On the 71st anniversary of the attack on Pearl Harbor, “a day that lives in infamy,” 81 Joel Barlow High School students heard the stories of local World War II veterans and survivors during a remembrance breakfast.
As part of the Madman as Hero history course at the high school, students interview a person who was alive during World War II for their oral history assignment. After transcribing their interview, they use this for a more extensive research project. Then they invite the subject of their paper to come speak to their classmates during the remembrance breakfast.
Twenty-two participants, seven from Meadow Ridge, came to speak to the students about their experiences. Some were veterans that served in the Armed Forces, some were survivors of concentration camps, some were females in the service and some just talked about life on the home front during this time period.

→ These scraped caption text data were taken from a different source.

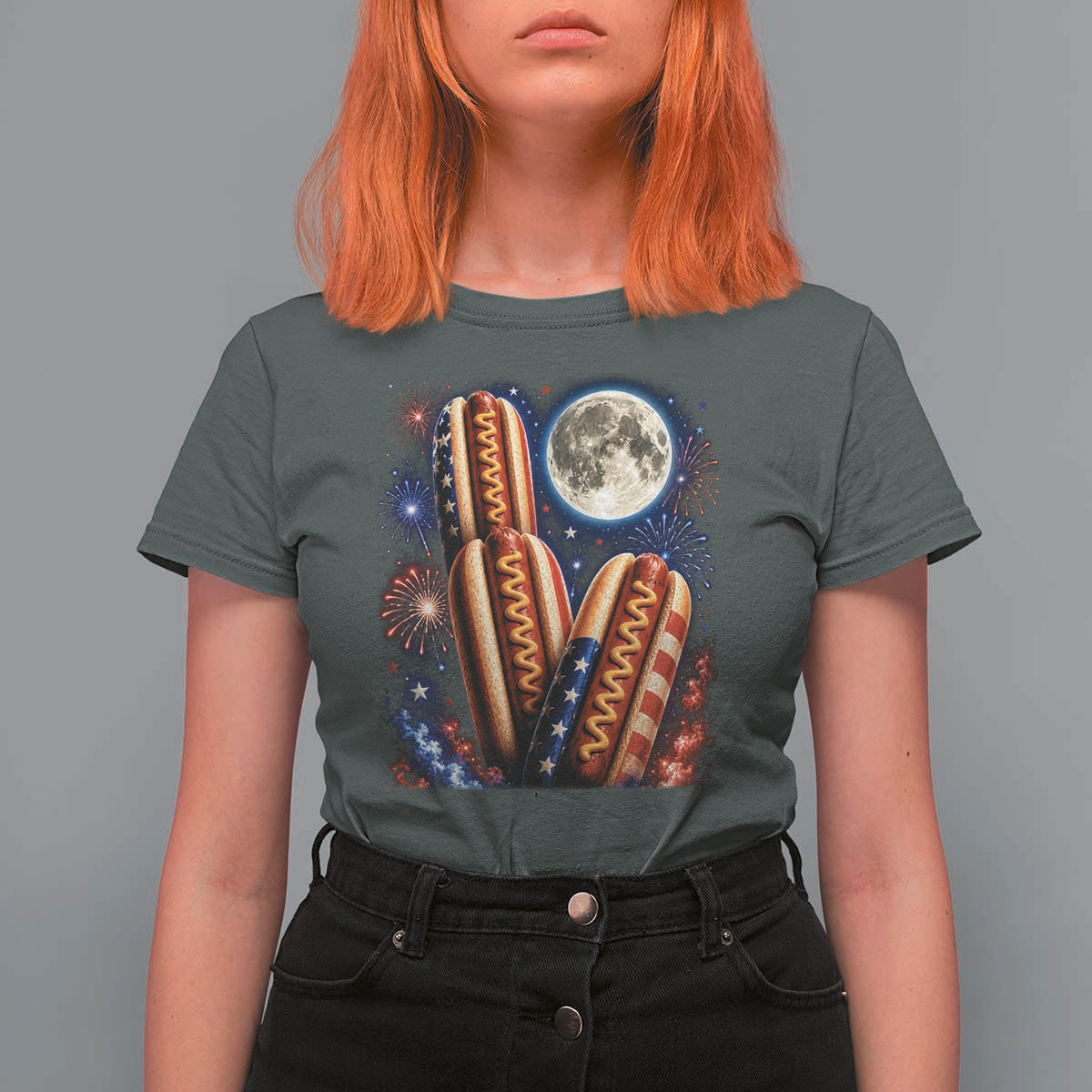 4th Of July Hotdog Fireworks T Shirt For Women American Food Lovers
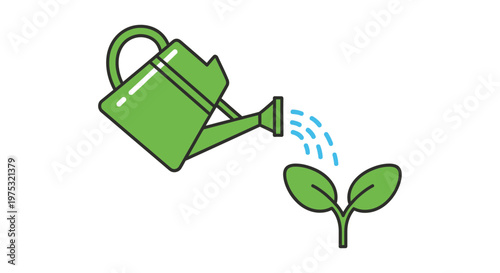 Green watering can nurturing young plant.
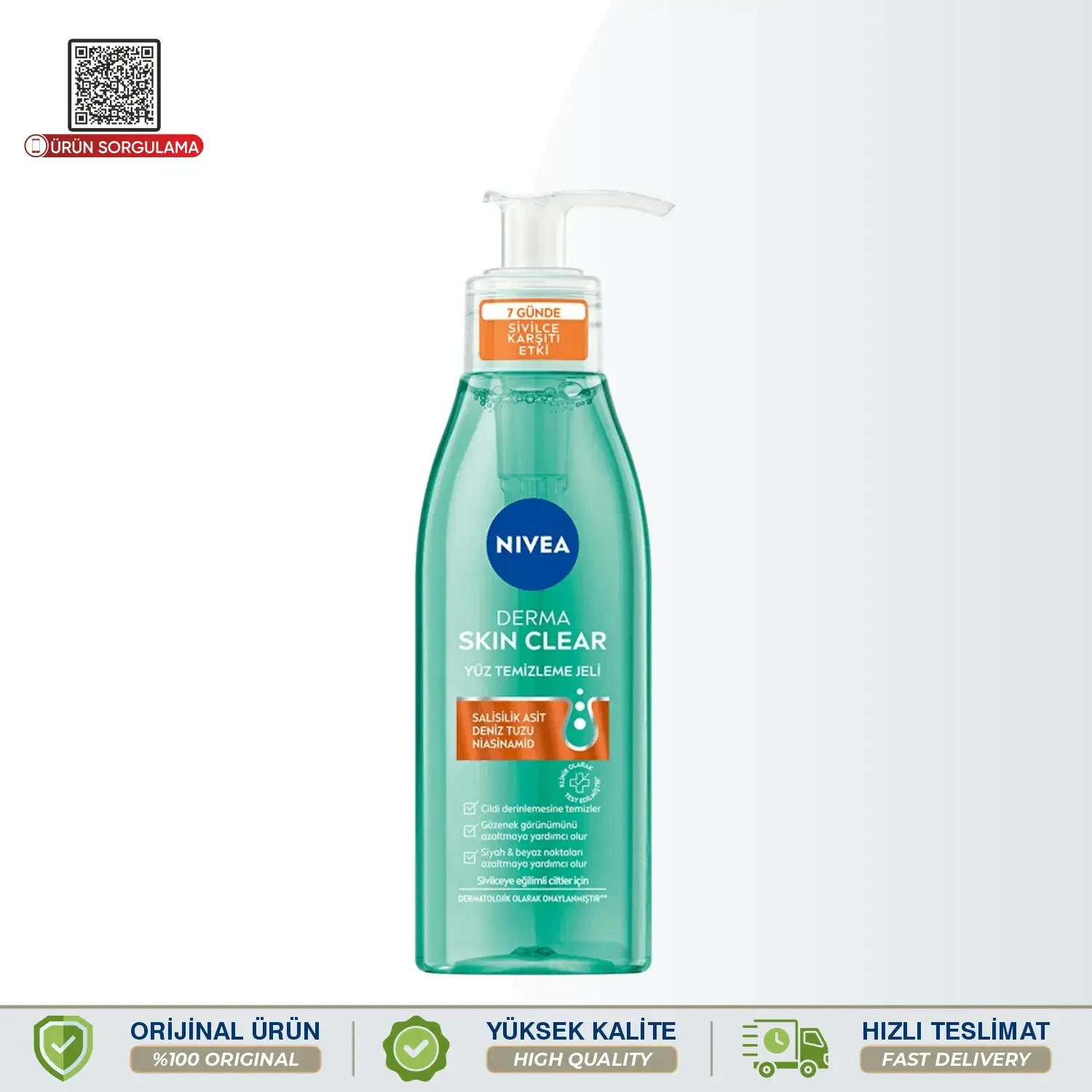 Nivea Derma Skin Sivilce Karşıtı Yüz Temizleme Jeli 150 mL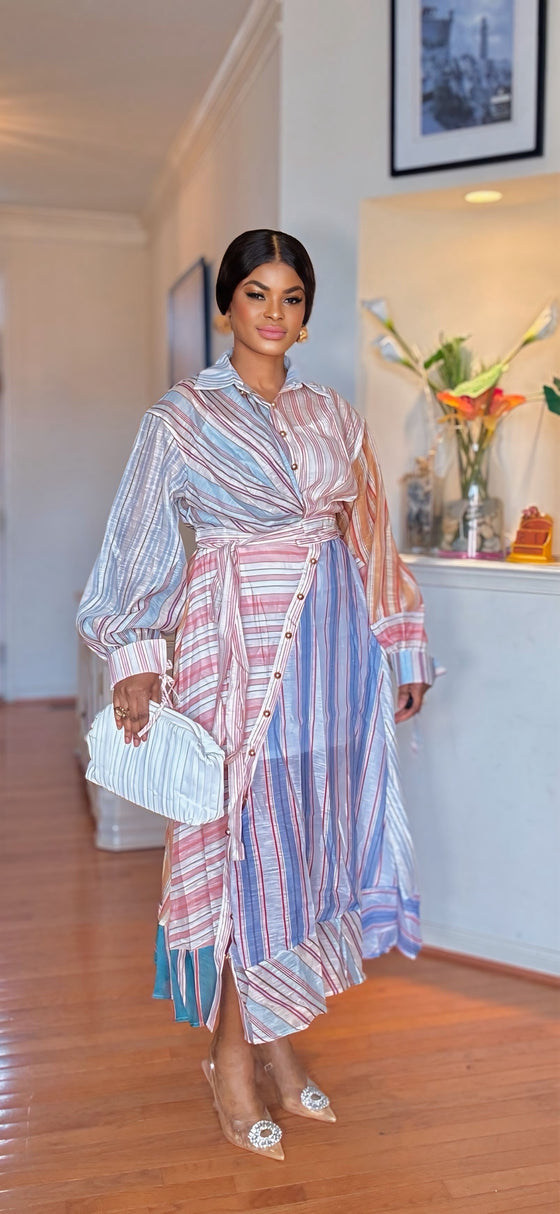 Multi Stripe Elegance Belted Midi Dress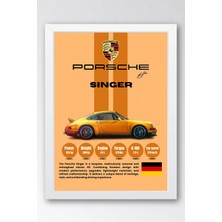 E2 Nova Porsche Singer Premium Klasik Spor Araba Tablosu - Teknik Özellikli Otomobil Duvar Dekoru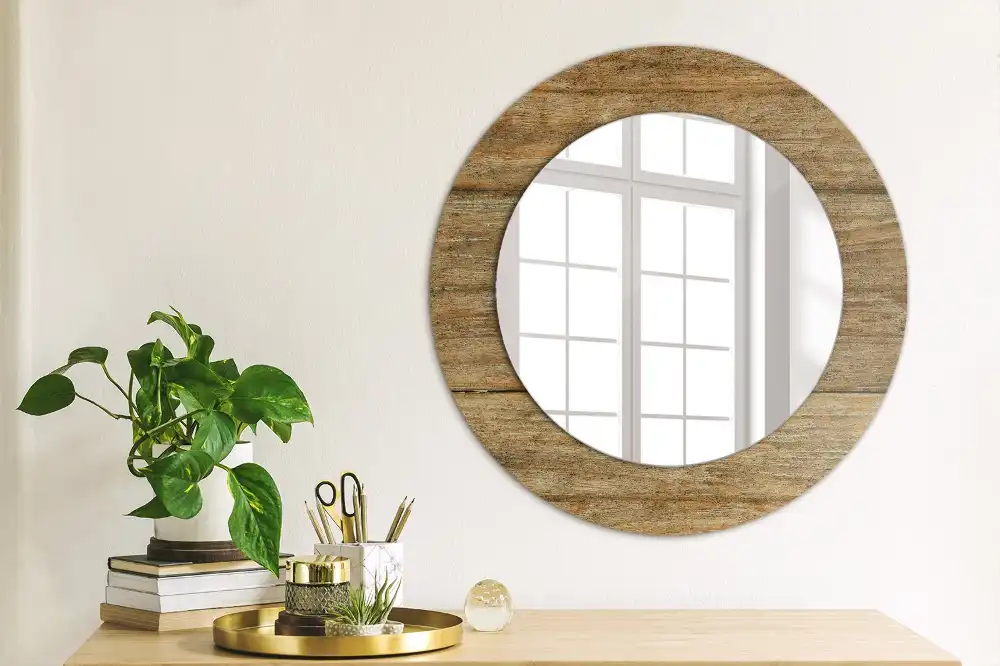 Miroir rond cadre avec impression bois patiné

Jennifer Desmarais, Humanities Department chair and organizer of the breakfast, said the event has been held annually for more than 15 years.
“The students always ask, ‘Can we talk more?’” she said. “The students hear these people’s stories and see how precious time is. They realize that they are probably the last generation that will hear these stories first hand.”
Students sit at different tables with a couple of the veterans at each and they listen to their stories and then ask questions. After a half hour, the students rotate to another table to hear another person’s experience.
Mary Erlanger, a Meadow Ridge resident, told students about her time as a WAVE (Women Accepted for Volunteer Emergency Service) communications officer in Washington, D.C.
Lea Mintz, also a Meadow Ridge resident, spoke about her husband who was in the Navy and served in the North Atlantic and Pacific. This was Ms. Mintz’s second year speaking. Last year she was invited by her grandson, she said.
Bob Baumbach and Maury Levesque spoke about being pilots and Ellsworth Johnson spoke to students about being a flight navigator stationed in Italy.
Han and Edith van Oostendorp shared their stories about living in Nazi-occupied Holland and Germany. Mr. van Oostendorp escaped a labor camp in Germany and later became a pilot for the British Air Force. Mrs. van Oostendorp was part of the Jewish underground and helped the Allies. They met after the war in Holland.
Elizabeth Deutsch also told her story of survival. Ms. Deutsch and her entire family were forced to leave their home and board a cattle car train that took them to a Jewish ghetto.
She said after being in the ghetto for a couple of months, the family boarded another cattle car and was taken to Auschwitz-Birkenau, an extermination camp.
At the death camp, Ms. Deutsch and her sister were separated from the rest of her family. She said she tried to be with her mother but the S.S. officer kept bringing her back to the line with her sister.
Ms. Deutsch later learned that her entire family, besides her and her sister, were killed.
After working several different jobs at Auschwitz, Ms. Deutsch and her sister were selected and transferred to a city destroyed by bombs. They had to clean up after the bombings and then later had to work in the salt mines.
As the Germans got word that the allies were coming, Ms. Deutsch and her sister boarded a cattle car and were taken elsewhere, she said. When the train finally stopped, they were told to get off the train and lay down. They had machine guns pointed at them and Allies’ planes were flying over head. Instead of shooting them, the Germans left, she said. “It was May 2, 1945. We were saved at the last minute.”
Ms. Deutsch said that if it wasn’t for her sister, she wouldn’t have made it.
Shaina Mayzler, a senior, was emotional after hearing Ms. Deutsch’s story.
“As a Jewish person, I have a lot more respect [now] for what my family has been through. I have such a higher level of respect and appreciation now,” she said.
Andrianna Papadimitriou, a senior, said that hearing these stories first hand puts it into perspective.
“You read in textbooks the numbers [of people who died], but their stories are more realistic. You feel what they felt,” she said.
Lia Vitale, a senior, said that it is important to realize that in about a decade, “We won’t have the opportunity to talk to people who experienced [World War II] first hand.”
“It was interesting to hear everyone’s side of the story. It was more subjective than a textbook. It was interesting to see the perspective of a veteran and a survivor,” said Michael Caruso, a senior.
Josh Smith, a senior, said “it is nice to put a face to what we’re learning.”
Paul Canada, a senior, said hearing real life experiences has been a positive experience for students.